RE Model Creation

From Anote2Wiki
Revision as of 14:38, 4 August 2015 by Anote2Wiki (talk | contribs) (Result)
(diff) ← Older revision | Latest revision (diff) | Newer revision → (diff)
Jump to: navigation, search

Select Option

To create an RE Machine Learning Model using BioTML, the first step is to select the corpus with the RE annotations. To do this, start by loading the RE Process to the Clipboard.
Selecting the RE Process, you should right clic it and choose RE Process -> BioTML Tagger -> Create Model


Create RE Model By BioTML Tagger.png


New Configuration or Load Configuration

A wizard will be presented to configure the model creation process. The first step allows to select two options: Create New BioTML Model Configuration or Load BioTML Model Configuration. To start a new model configuration, select Create New BioTML Model Configuration and press the Next button.

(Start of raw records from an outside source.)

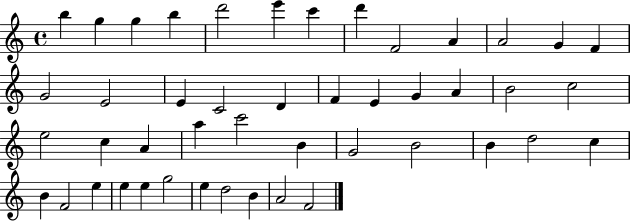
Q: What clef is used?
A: treble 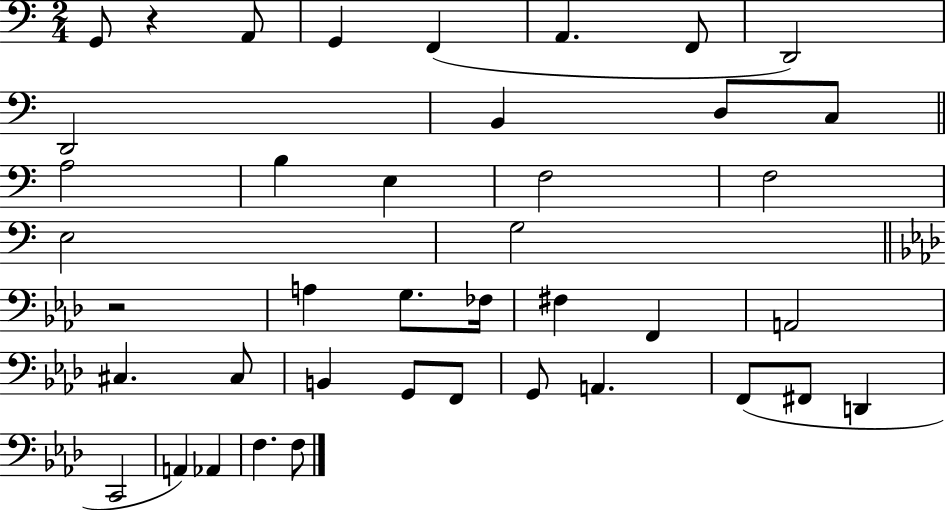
{
  \clef bass
  \numericTimeSignature
  \time 2/4
  \key c \major
  g,8 r4 a,8 | g,4 f,4( | a,4. f,8 | d,2) | \break d,2 | b,4 d8 c8 | \bar "||" \break \key c \major a2 | b4 e4 | f2 | f2 | \break e2 | g2 | \bar "||" \break \key f \minor r2 | a4 g8. fes16 | fis4 f,4 | a,2 | \break cis4. cis8 | b,4 g,8 f,8 | g,8 a,4. | f,8( fis,8 d,4 | \break c,2 | a,4) aes,4 | f4. f8 | \bar "|."
} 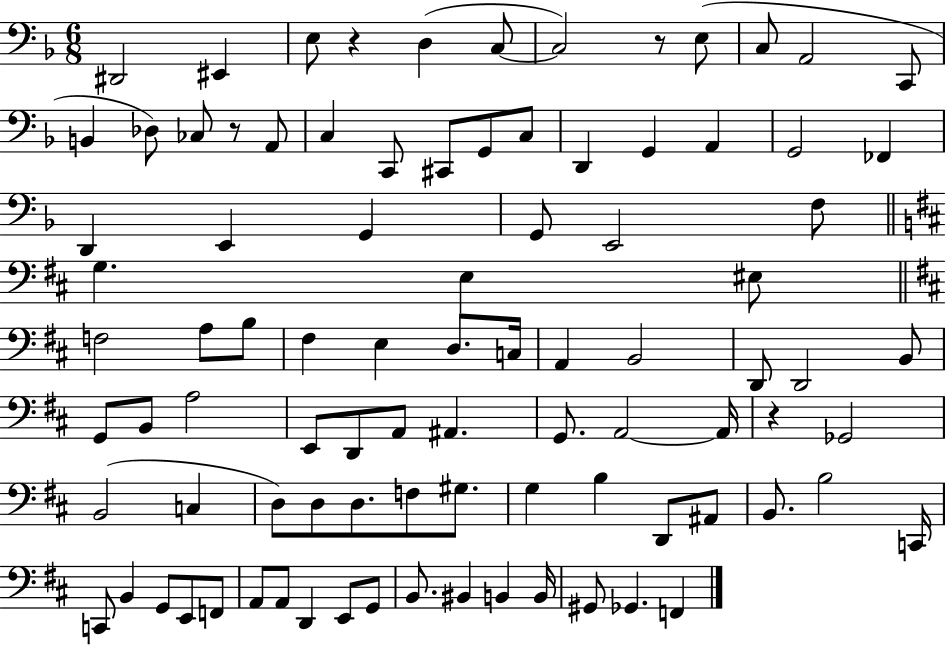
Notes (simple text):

D#2/h EIS2/q E3/e R/q D3/q C3/e C3/h R/e E3/e C3/e A2/h C2/e B2/q Db3/e CES3/e R/e A2/e C3/q C2/e C#2/e G2/e C3/e D2/q G2/q A2/q G2/h FES2/q D2/q E2/q G2/q G2/e E2/h F3/e G3/q. E3/q EIS3/e F3/h A3/e B3/e F#3/q E3/q D3/e. C3/s A2/q B2/h D2/e D2/h B2/e G2/e B2/e A3/h E2/e D2/e A2/e A#2/q. G2/e. A2/h A2/s R/q Gb2/h B2/h C3/q D3/e D3/e D3/e. F3/e G#3/e. G3/q B3/q D2/e A#2/e B2/e. B3/h C2/s C2/e B2/q G2/e E2/e F2/e A2/e A2/e D2/q E2/e G2/e B2/e. BIS2/q B2/q B2/s G#2/e Gb2/q. F2/q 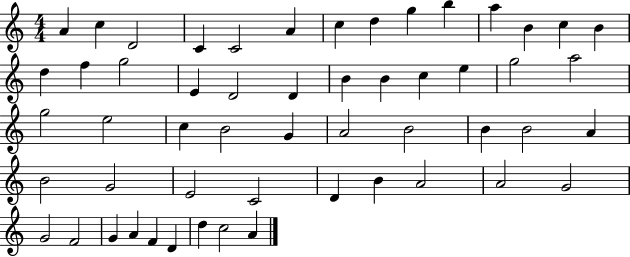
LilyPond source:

{
  \clef treble
  \numericTimeSignature
  \time 4/4
  \key c \major
  a'4 c''4 d'2 | c'4 c'2 a'4 | c''4 d''4 g''4 b''4 | a''4 b'4 c''4 b'4 | \break d''4 f''4 g''2 | e'4 d'2 d'4 | b'4 b'4 c''4 e''4 | g''2 a''2 | \break g''2 e''2 | c''4 b'2 g'4 | a'2 b'2 | b'4 b'2 a'4 | \break b'2 g'2 | e'2 c'2 | d'4 b'4 a'2 | a'2 g'2 | \break g'2 f'2 | g'4 a'4 f'4 d'4 | d''4 c''2 a'4 | \bar "|."
} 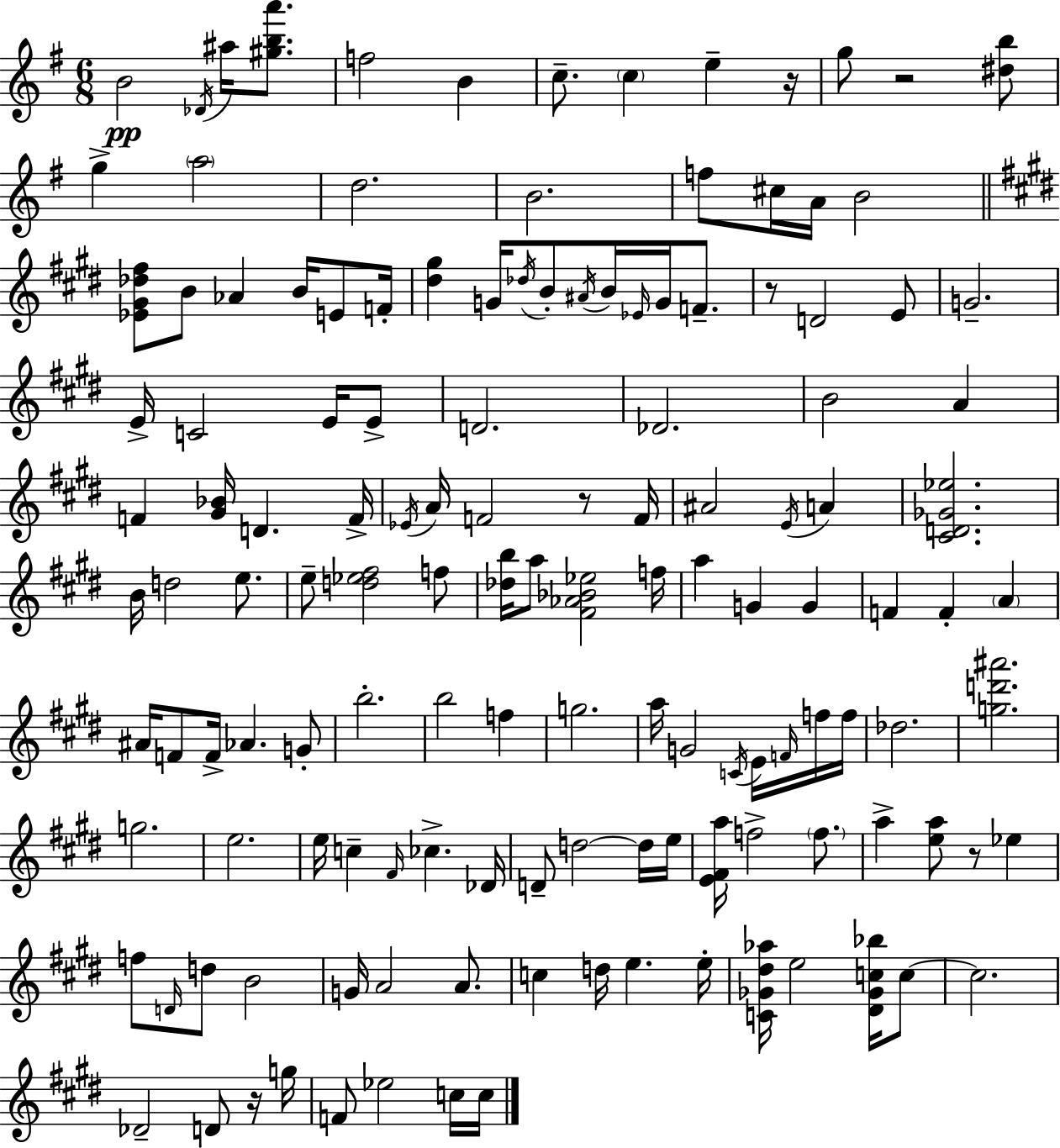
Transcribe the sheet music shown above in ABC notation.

X:1
T:Untitled
M:6/8
L:1/4
K:G
B2 _D/4 ^a/4 [^gba']/2 f2 B c/2 c e z/4 g/2 z2 [^db]/2 g a2 d2 B2 f/2 ^c/4 A/4 B2 [_E^G_d^f]/2 B/2 _A B/4 E/2 F/4 [^d^g] G/4 _d/4 B/2 ^A/4 B/4 _E/4 G/4 F/2 z/2 D2 E/2 G2 E/4 C2 E/4 E/2 D2 _D2 B2 A F [^G_B]/4 D F/4 _E/4 A/4 F2 z/2 F/4 ^A2 E/4 A [^CD_G_e]2 B/4 d2 e/2 e/2 [d_e^f]2 f/2 [_db]/4 a/2 [^F_A_B_e]2 f/4 a G G F F A ^A/4 F/2 F/4 _A G/2 b2 b2 f g2 a/4 G2 C/4 E/4 F/4 f/4 f/4 _d2 [gd'^a']2 g2 e2 e/4 c ^F/4 _c _D/4 D/2 d2 d/4 e/4 [E^Fa]/4 f2 f/2 a [ea]/2 z/2 _e f/2 D/4 d/2 B2 G/4 A2 A/2 c d/4 e e/4 [C_G^d_a]/4 e2 [^D_Gc_b]/4 c/2 c2 _D2 D/2 z/4 g/4 F/2 _e2 c/4 c/4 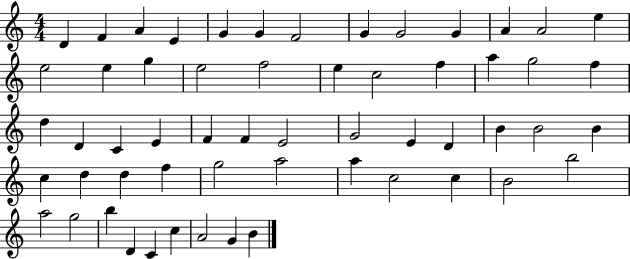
{
  \clef treble
  \numericTimeSignature
  \time 4/4
  \key c \major
  d'4 f'4 a'4 e'4 | g'4 g'4 f'2 | g'4 g'2 g'4 | a'4 a'2 e''4 | \break e''2 e''4 g''4 | e''2 f''2 | e''4 c''2 f''4 | a''4 g''2 f''4 | \break d''4 d'4 c'4 e'4 | f'4 f'4 e'2 | g'2 e'4 d'4 | b'4 b'2 b'4 | \break c''4 d''4 d''4 f''4 | g''2 a''2 | a''4 c''2 c''4 | b'2 b''2 | \break a''2 g''2 | b''4 d'4 c'4 c''4 | a'2 g'4 b'4 | \bar "|."
} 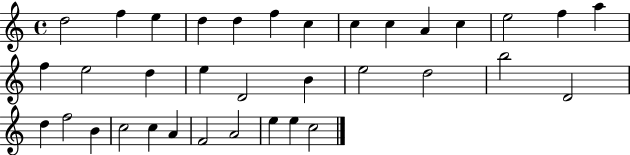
D5/h F5/q E5/q D5/q D5/q F5/q C5/q C5/q C5/q A4/q C5/q E5/h F5/q A5/q F5/q E5/h D5/q E5/q D4/h B4/q E5/h D5/h B5/h D4/h D5/q F5/h B4/q C5/h C5/q A4/q F4/h A4/h E5/q E5/q C5/h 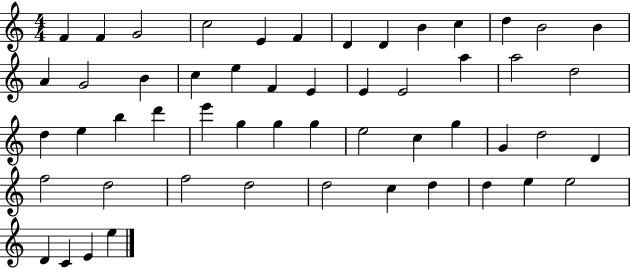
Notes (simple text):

F4/q F4/q G4/h C5/h E4/q F4/q D4/q D4/q B4/q C5/q D5/q B4/h B4/q A4/q G4/h B4/q C5/q E5/q F4/q E4/q E4/q E4/h A5/q A5/h D5/h D5/q E5/q B5/q D6/q E6/q G5/q G5/q G5/q E5/h C5/q G5/q G4/q D5/h D4/q F5/h D5/h F5/h D5/h D5/h C5/q D5/q D5/q E5/q E5/h D4/q C4/q E4/q E5/q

Select New or Load Configuration By BioTML Tagger.png


Select NLP Tokenizer System

A GUI is presented to select the possible NLP systems that are integrated in the BioTML framework. Those systems are used to perform the tokenization of all documents to create a data matrix for machine learning algorithms.
The possible NLP systems to be chosen are the ClearNLP, Stanford Core NLP and OpenNLP. Each system contains a description that is presented on this GUI.


Select NLP System By BioTML.png


BioTML Feature Selection

The selection of the features used by the machine learning algorithm as its training data matrix is done using the GUI below. Depending on the number and type of features selected, the produced model can fit the data with variable degree of accuracy. The selection of the features can have a great impact in the predictive capability of the model, influencing precision, recall and accuracy of the model during the RE annotation.

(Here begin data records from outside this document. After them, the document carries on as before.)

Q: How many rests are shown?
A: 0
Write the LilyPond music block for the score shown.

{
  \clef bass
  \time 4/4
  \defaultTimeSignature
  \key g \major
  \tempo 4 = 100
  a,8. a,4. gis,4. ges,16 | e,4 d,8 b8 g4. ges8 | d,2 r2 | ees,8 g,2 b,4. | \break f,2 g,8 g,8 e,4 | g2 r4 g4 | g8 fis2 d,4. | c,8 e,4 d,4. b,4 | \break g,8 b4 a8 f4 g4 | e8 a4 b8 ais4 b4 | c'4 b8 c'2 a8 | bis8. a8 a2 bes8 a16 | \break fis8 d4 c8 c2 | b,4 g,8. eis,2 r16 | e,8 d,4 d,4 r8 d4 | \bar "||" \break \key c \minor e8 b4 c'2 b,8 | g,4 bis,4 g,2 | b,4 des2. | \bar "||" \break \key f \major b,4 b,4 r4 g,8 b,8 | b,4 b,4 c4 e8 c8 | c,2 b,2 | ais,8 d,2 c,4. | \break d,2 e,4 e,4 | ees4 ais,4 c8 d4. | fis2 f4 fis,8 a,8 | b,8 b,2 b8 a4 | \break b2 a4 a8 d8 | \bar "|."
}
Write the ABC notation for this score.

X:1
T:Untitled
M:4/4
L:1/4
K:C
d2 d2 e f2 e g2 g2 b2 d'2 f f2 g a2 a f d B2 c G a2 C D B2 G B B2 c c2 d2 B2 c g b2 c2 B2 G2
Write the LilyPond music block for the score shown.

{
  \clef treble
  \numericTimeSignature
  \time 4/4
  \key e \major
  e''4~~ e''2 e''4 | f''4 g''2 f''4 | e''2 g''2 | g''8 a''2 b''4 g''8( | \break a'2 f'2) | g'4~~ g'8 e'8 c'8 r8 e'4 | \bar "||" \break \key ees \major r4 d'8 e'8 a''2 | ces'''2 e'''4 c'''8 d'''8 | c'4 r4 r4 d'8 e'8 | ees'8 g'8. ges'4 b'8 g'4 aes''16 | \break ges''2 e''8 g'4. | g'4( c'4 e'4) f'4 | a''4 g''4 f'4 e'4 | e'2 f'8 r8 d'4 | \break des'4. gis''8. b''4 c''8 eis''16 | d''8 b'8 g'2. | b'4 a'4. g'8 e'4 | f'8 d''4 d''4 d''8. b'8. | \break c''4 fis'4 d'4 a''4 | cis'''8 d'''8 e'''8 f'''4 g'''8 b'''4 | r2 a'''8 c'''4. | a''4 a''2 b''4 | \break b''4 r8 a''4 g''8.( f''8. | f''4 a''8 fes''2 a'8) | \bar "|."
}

Warning: The number of features and some feature types can significantly increase the memory and CPU usage !


Select Features For BioTML.png


BioTML Algorithm Configuration

The machine learning algorithm is selected in this GUI. Currently available options are Conditional Random Fields (CRFs) implemented by the Mallet software and Support Vector Machines (SVMs) as implemented by LIBSVM software. Advanced settings can appear regarding the selected algorithm type.

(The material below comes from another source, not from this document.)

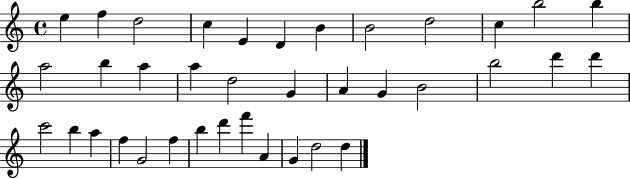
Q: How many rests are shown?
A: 0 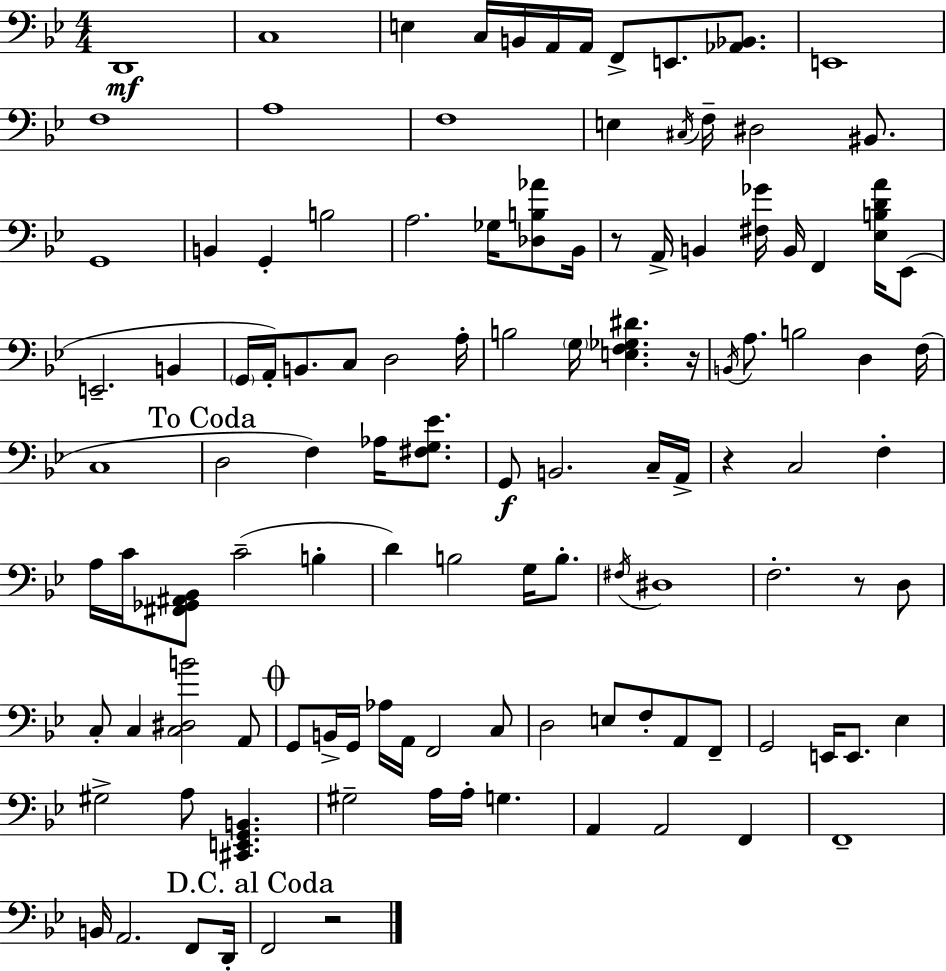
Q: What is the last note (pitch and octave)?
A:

For further information about those advanced configurations please visit the URLs: CRF Information or SVM information


Select Algorithm Settings For BioTML.png


BioTML RE Aproach Type Selection

After the algorithm selection, a GUI is presented to select the possible RE approaches that will be used to train the model. For each approach, a textual description is provided in the box below.


Select RE Aproach Type For Model Creation By BioTML Tagger.png


Save BioTML Model File

All configurations for RE Model creation are now defined. In this GUI, you can define a folder or Zip file that will store the RE Model.


Save Model By BioTML Tagger.png


Result

The RE model creation operation will start and a working window is shown, indicating the execution of the operation. The RE model creation operation will take a few minutes or hours, depending on corpus size and model configurations. When the process ends, a new Zip file containing the RE model will be added to the defined directory in the last GUI.